Ein beispielloser Eingriff in das Recht der Öffentlichkeit auf Information
Zwar konnten seit dem 7. Oktober 2023 einige wenige Medienschaffende, vor allem Israelis, in den Gazastreifen einreisen, doch wurde ihnen der Zugang nur unter der Bedingung gewährt, dass sie sich bereit erklärten, sich der israelischen Armee anzuschliessen. Die sehr strengen und kontrollierten Bedingungen erlauben keine ordnungsgemässe Ausübung journalistischer Arbeit und beeinträchtigen somit drastisch die Pressefreiheit und das damit verbundene Recht der Öffentlichkeit auf Information.
Vor diesem Hintergrund hat die Vereinigung der Auslandspresse, die etwa 400 Korrespondenten internationaler Medien vertritt (La Stampa, BBC, Financial Times, France 24, Time, Die Zeit, Le Monde, Reuters, Fox News, Guang Ming Daily, CCTV, Sky News, RTBF, Al Arabiya News Channel, The New York Times, Rai Unousw.) in Israel, im Westjordanland und im Gazastreifen, beschlossen, diese israelische Politik gerichtlich anzufechten. Nachdem eine erste Klage in den ersten Monaten der Offensive abgewiesen worden war, wurde die Prüfung dieser zweiten Klage vom Obersten Gerichtshof bereits sechs Mal vertagt.
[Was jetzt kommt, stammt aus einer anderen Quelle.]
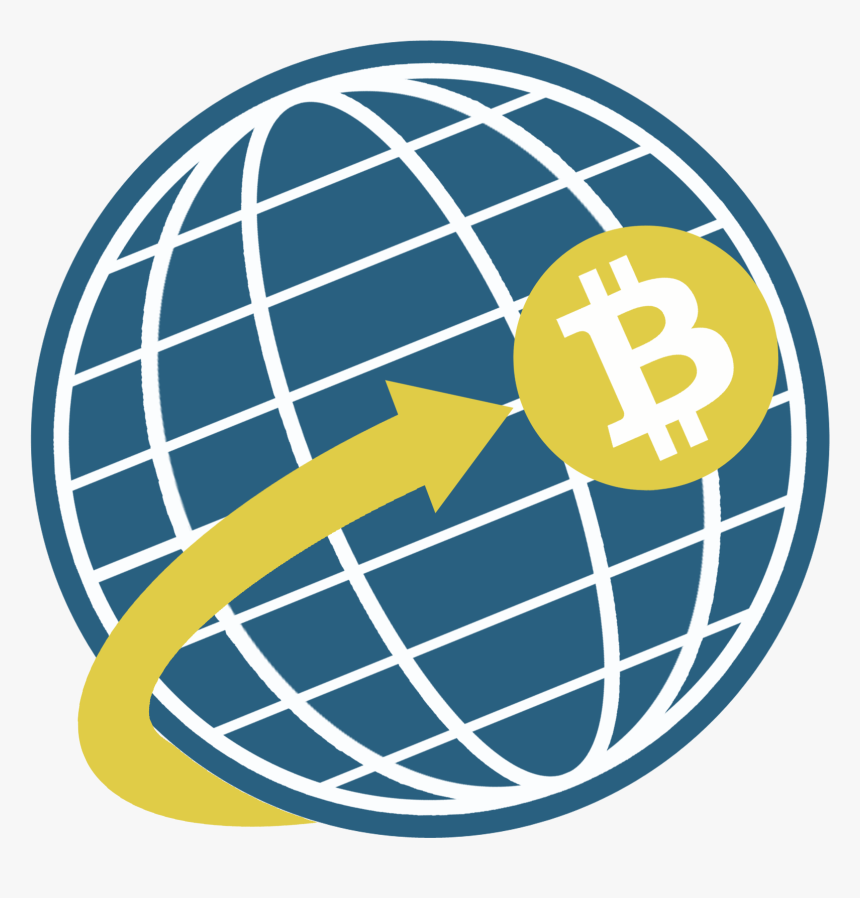 Bitcoin Around The World, HD Png Download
Eine Blockade, die bedeutet, dass palästinensische Medienschaffende ihrem schrecklichen Schicksal überlassen bleiben
RSF unterstützt die Arbeit der FPA mit dem Ziel, ihr anspruchsvolles Verständnis des Rechts der Öffentlichkeit auf Information zu verteidigen: den Zugang zu einer Vielzahl freier, unabhängiger und pluralistischer Informationsquellen.
Indem sie ihren internationalen Kollegen den Zugang zum Gazastreifen verwehrt, isoliert die israelische Blockade die Medienschaffenden aus Gaza noch stärker, die nicht nur unter extremen Bedingungen über die Lage vor Ort berichten müssen, sondern auch allein mit Verleumdungen konfrontiert sind. RSF hat dokumentiert, wie Medienschaffende aus Gaza seit Beginn der verheerenden israelischen Gegenoffensive in den palästinensischen Gebieten ständig diffamiert und bedroht werden. Die Verleumdungskampagnen gegen sie reichen von der Verbreitung gefälschter Bilder bis zur Einrichtung einer Online-Plattform, die sie diskreditieren soll. In einigen Fällen dienten die Vorwürfe der israelischen Behörden gegen palästinensische Journalistinnen und Journalisten sogar als Rechtfertigung für deren gezielte Tötung durch die israelische Armee.
Die Einreichung dieses Amicus curiae Schriftsatzes erfolgt weniger als einen Monat nach der fünften Beschwerde, die RSF beim Internationalen Strafgerichtshof wegen Verbrechen der israelischen Armee gegen Medienschaffende in dem Gebiet eingereicht hat.